GLI ISLAMISTI DI PALESTINA SULLA ROTTA DELL’EMIRO

di Glauco D’Agostino

L’impulso diplomatico del Qatar favorisce la riconciliazione tra Ḥamās e Movimento per il Jihād Islamico in Palestina

20121121-Cairo-Hms-Ismc-JhdL’incontro di metà marzo a Dōḥa tra Khālid Masha’l, Capo dell’Ufficio Politico di Ḥamās, e Ramaḍān Shallāḥ, Segretario Generale del Movimento per il Jihād Islamico in Palestina, rende evidente un cambiamento in atto nella geo-politica medio-orientale, frutto di nuovi equilibri strategici tra gli attori regionali e i protagonisti della politica internazionale globale. Facciamo un passo indietro di qualche mese nel teatro politico della Penisola Arabica.

Durante una conferenza al vertice del Consiglio di Cooperazione del Golfo, organizzazione nata il 25 maggio 1981 con il trattato di Abu Dhabi, a dicembre scorso in Kuwait l’Arabia Saudita e gli Emirati Arabi Uniti accusano il Qatar di finanziare il terrorismo in Siria. A fine febbraio, durante un incontro a Riyāḍ, nuovamente i Sauditi chiedono piccati al nuovo Emiro del Qatar Shaykh Tamīm ath-Thānī di recedere dalla sua presunta politica di sostegno in Siria ai gruppi affiliati ad al-Qāʿida.
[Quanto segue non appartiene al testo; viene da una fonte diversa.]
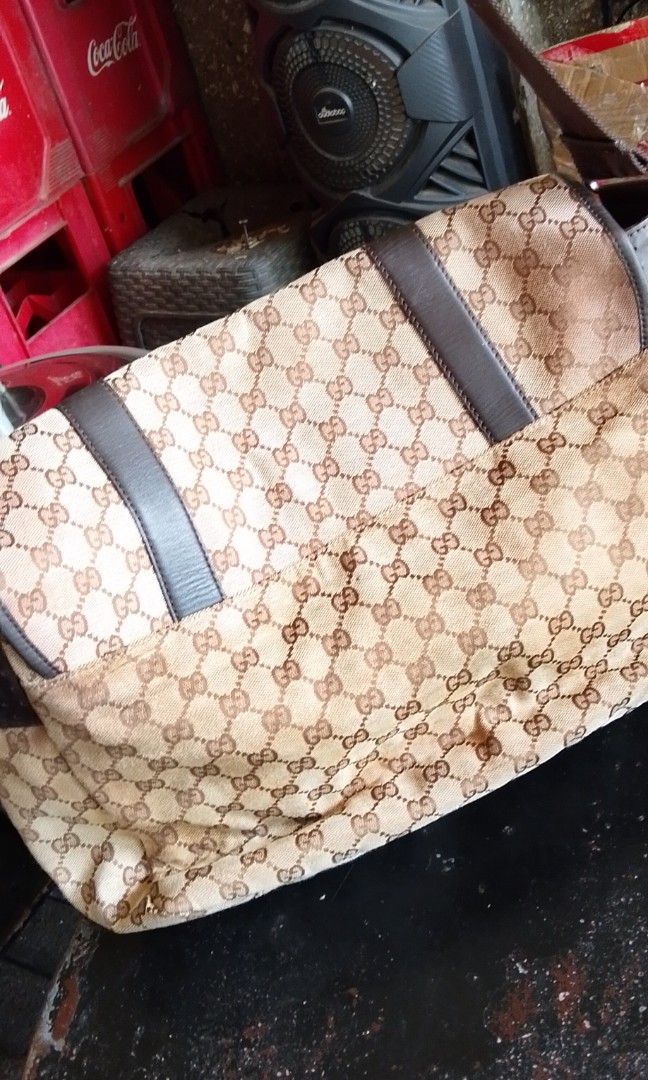 Authentic gucci messenger bag (Category: Cross-body Bags) located in Davao. Submitted by baghunterluxxe (Listing ID 1468576752, Image 2). Description: need linisin no rubs, ni runs large.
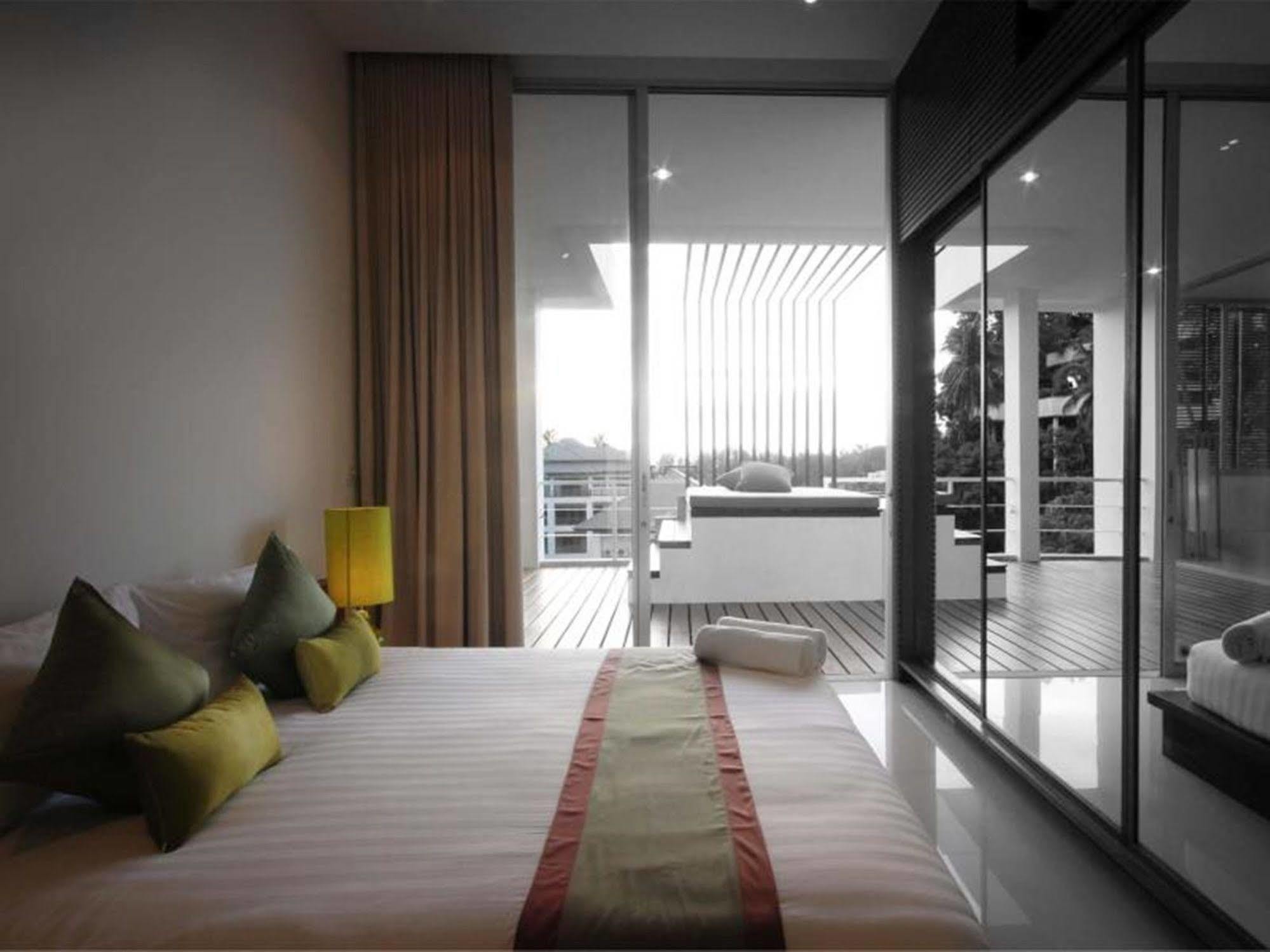 The Quarter Phuket Hotel Surin Beach  Exterior photo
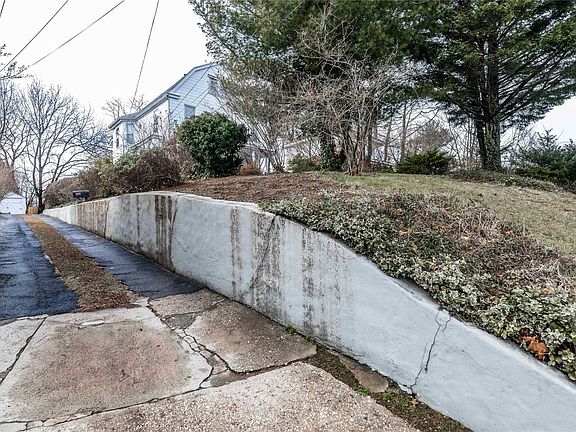 2nd image of 193 Glen Cove Ave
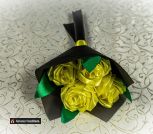 Траурный букет из атласных роз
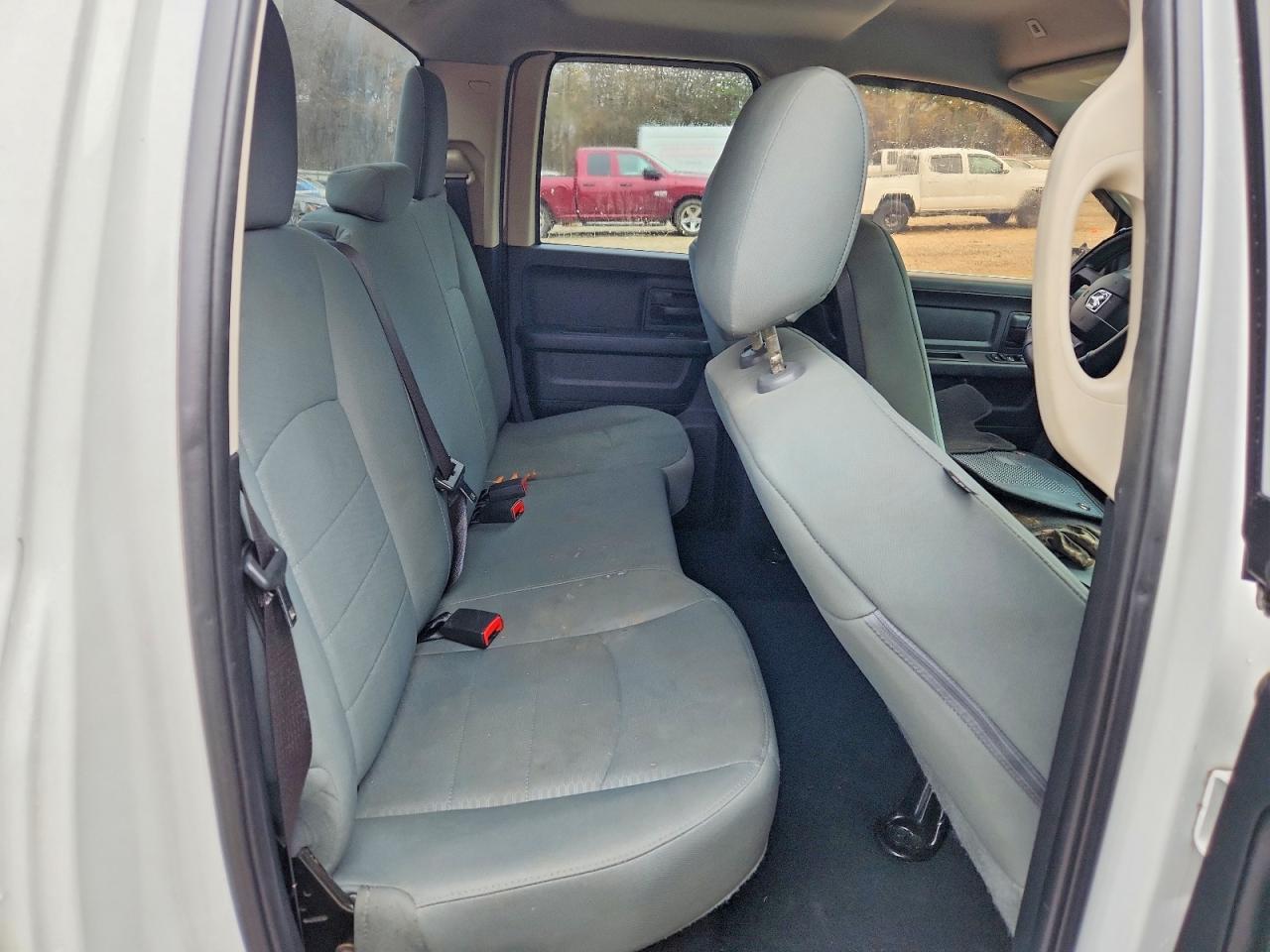 2017 RAM 1500 ST photo 10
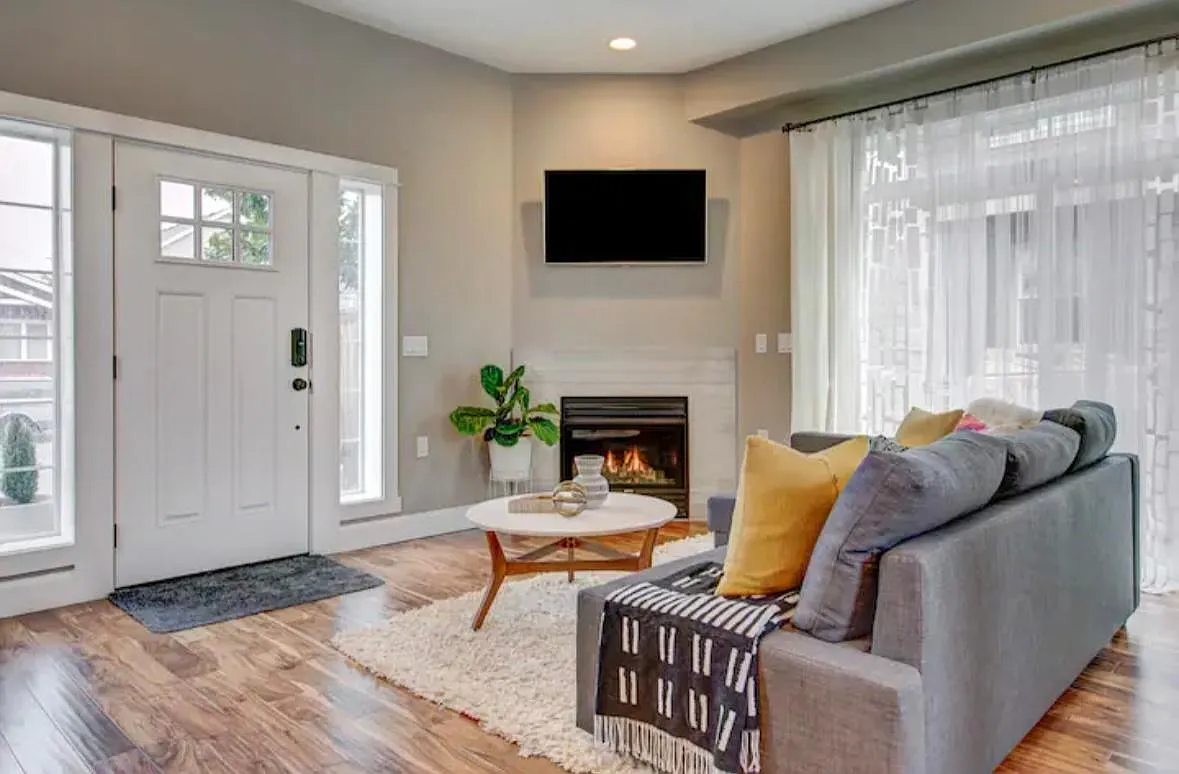 7157 N Lancaster Ave — Photo 4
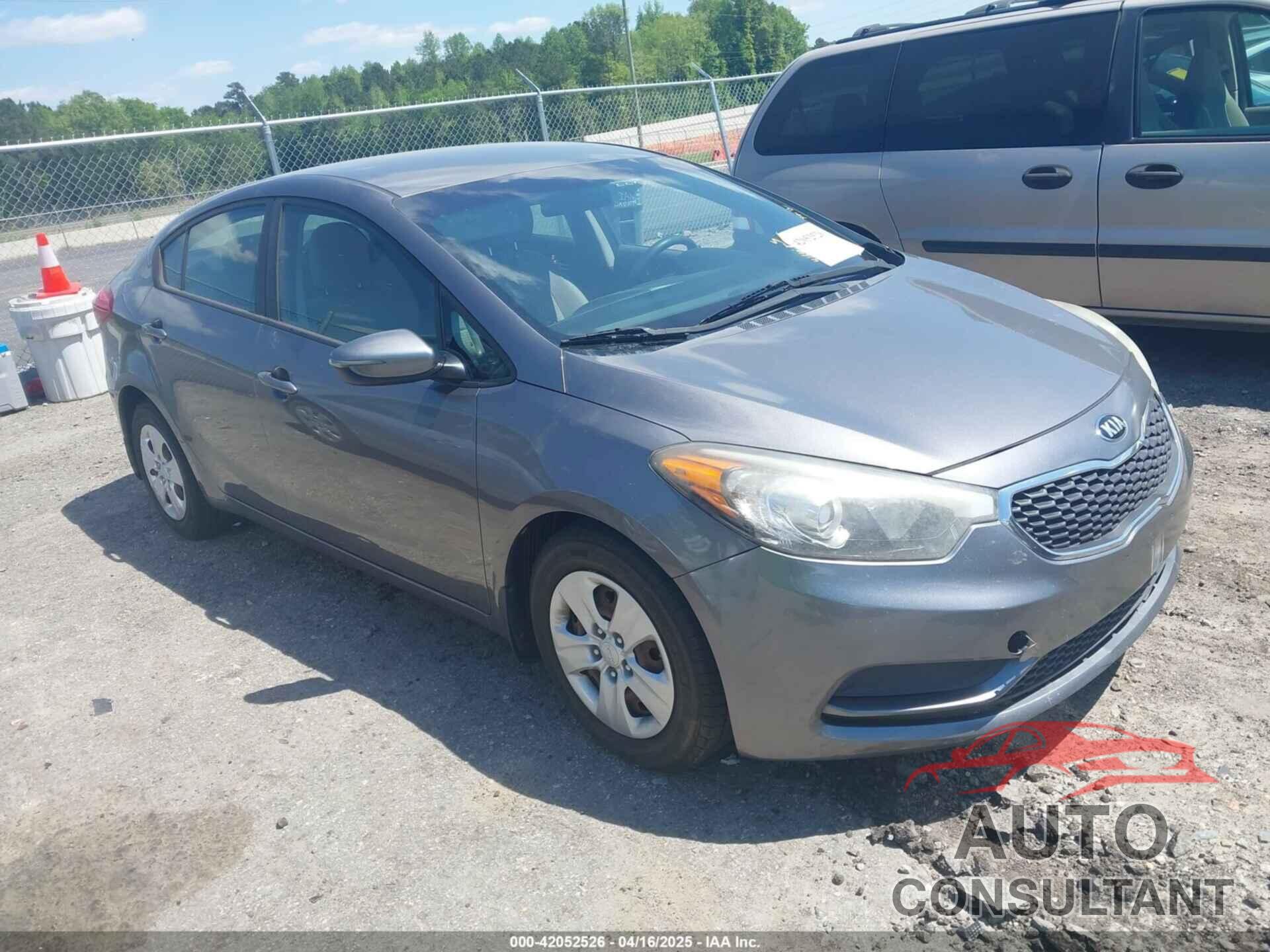 KIA FORTE 2016 - KNAFX4A69G5500958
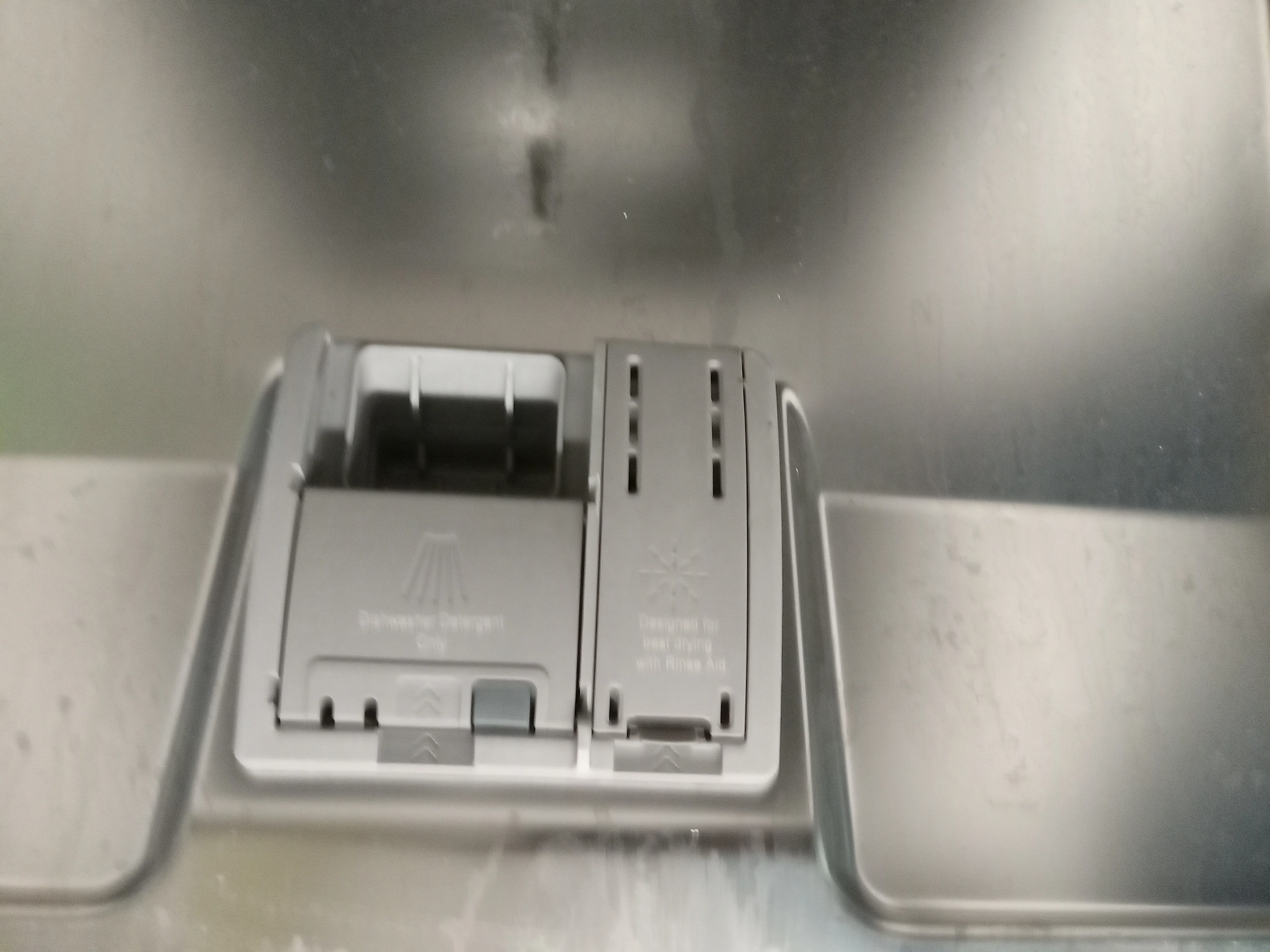 23.5"W Stainless Steel Bosch Dishwasher - Image 5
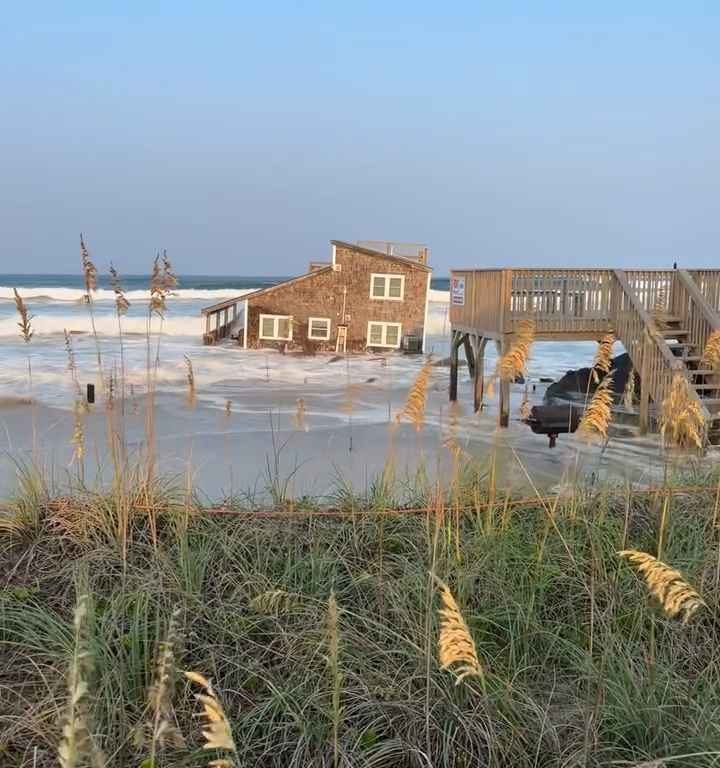 Video: Hurrikan Ernesto entwurzelt ein Haus, das im Meer schwimmt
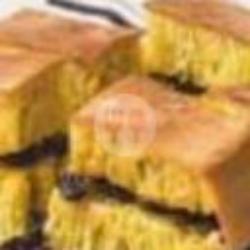 Martabak   Coklat   Pisang   Kismis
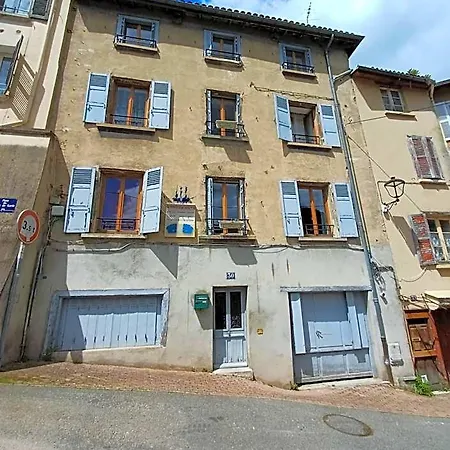 Le Trois Mats 5 3*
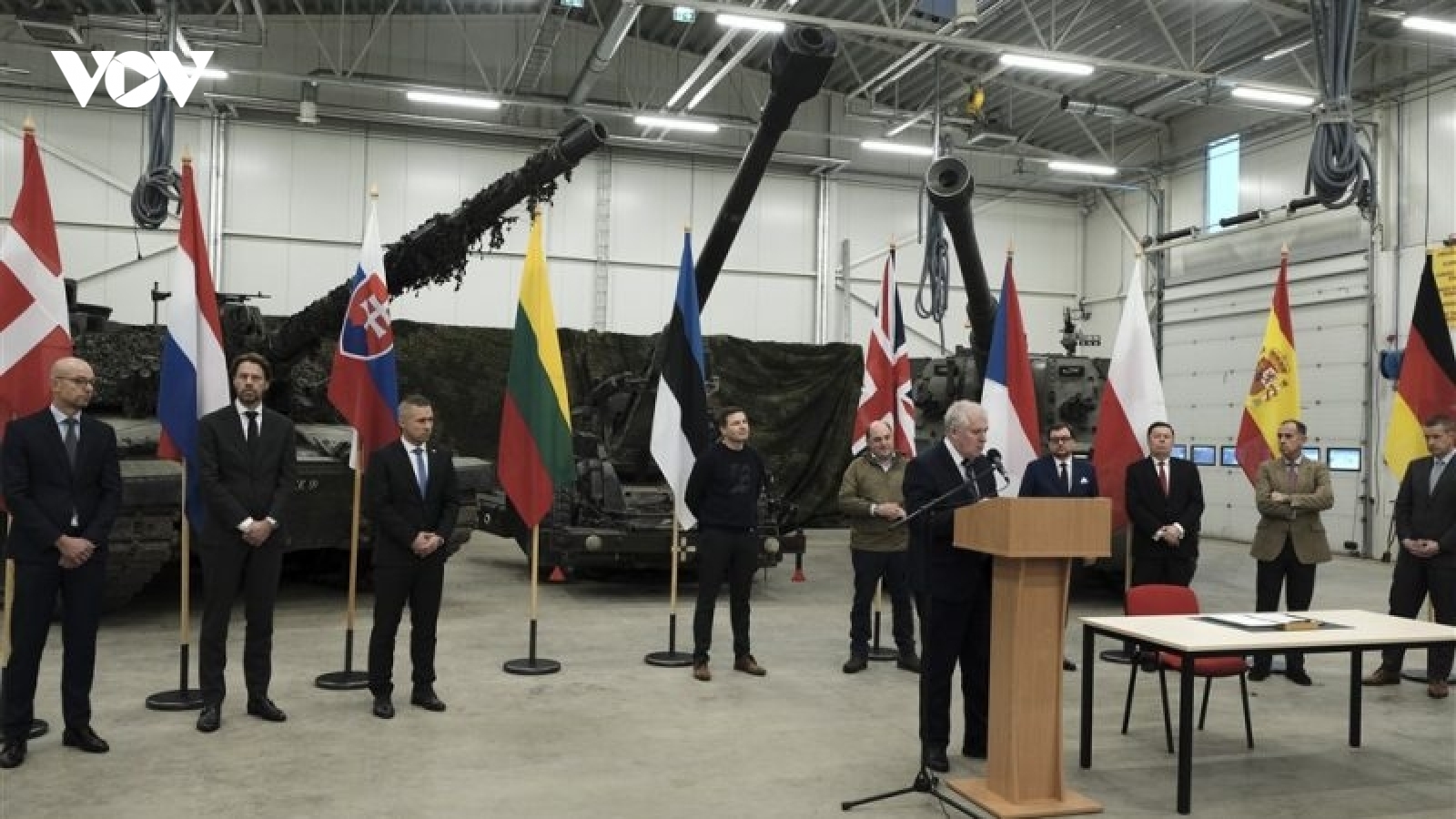 Các quốc gia châu Âu cam kết cung cấp thêm vũ khí gì cho Ukraine?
Il 5 marzo Riyāḍ chiede addirittura la chiusura di Al Jazeera e del Brookings Dōḥa Center con l’accusa di appoggiare i Fratelli Musulmani e lancia anatemi nei confronti del Qatar per l’allontanamento dalla comune politica di difesa del Consiglio di Cooperazione del Golfo (leggi, politica di solidarietà verso gli interessi dell’Arabia Saudita): la conseguenza più clamorosa è il richiamo degli ambasciatori di Riyāḍ, Abu Dhabi e Manāma da Dōḥa, infrangendo l’unità dei Paesi arabi del Golfo soprattutto nell’alleanza sviluppata in funzione anti-iraniana.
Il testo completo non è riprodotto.